With the increasing variety of Cu-based semiconductor nanomaterials and the development of synthesis technology, the crystal shape and morphology of semiconductor materials have become controllable factors. Due to their low price, abundant reserves, and suitable band gap, Cu-based semiconductor nanomaterials have bright application prospects for the treatment of photocatalytic environments. A comprehensive summary of the basic theory and research progress of Cu-based semiconductor nanomaterials, such as crystal design, morphology control, and photocatalytic modification strategies and mechanisms, is indispensable. However, a comprehensive review of this aspect has not been reported recently.
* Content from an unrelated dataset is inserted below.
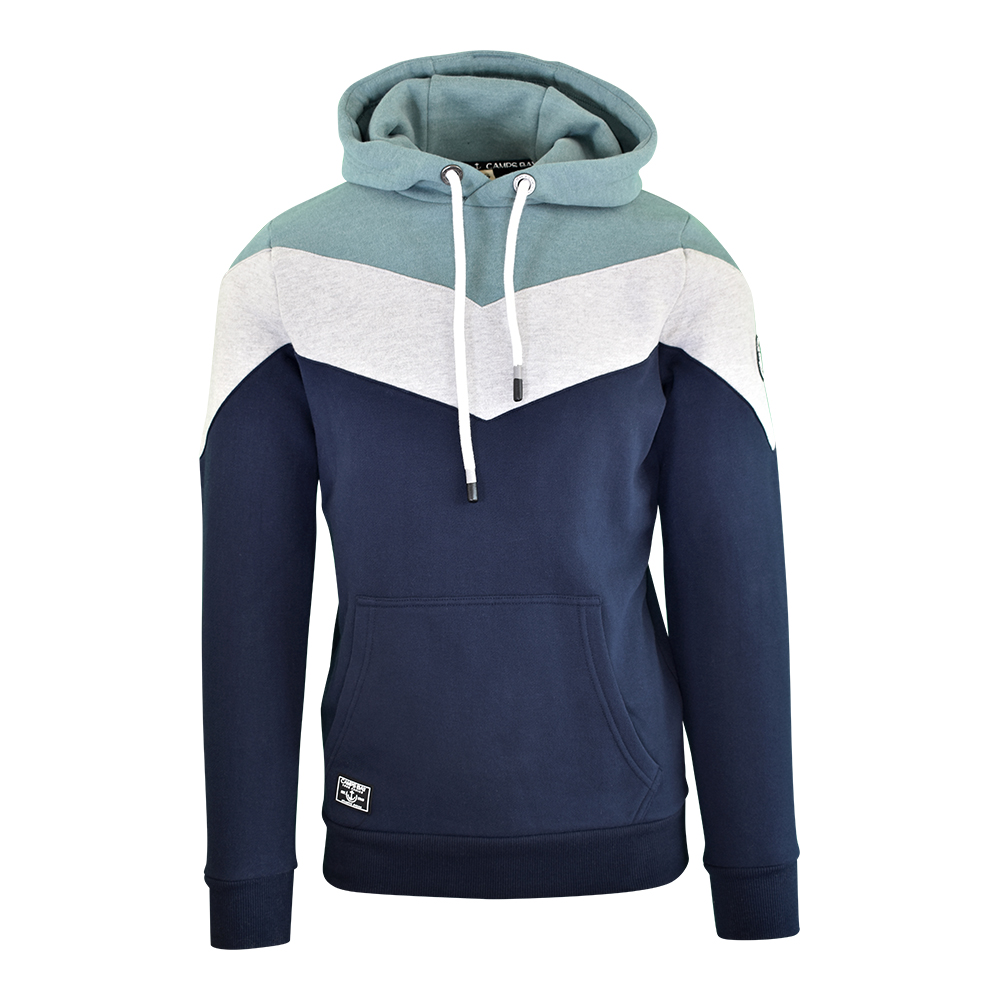 Männliches Model mit CAMPS BAY Hoodie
This review summarizes the synthetic methods of copper oxides (CuO, Cu2O), copper sulfides (CuS, CuxS, Cu2S), copper selenides (CuSe, Cu2–xSe, Cu2Se), as well as other novel Cu-based semiconductor nanomaterials such as CuFe2O4, Cu3N, Cu5V2O10, CuCo2O4, CuWO4, Cu3P, and the application strategies and mechanisms in photocatalytic removal of pollutants, photocatalytic hydrogen evolution, and photocatalytic reduction of CO2. The summary of synthesis methods and crystal surface control is beneficial for the preparation of better catalysts. We firmly believe that this review can provide valuable information for the further development of Cu-based semiconductor nanomaterials.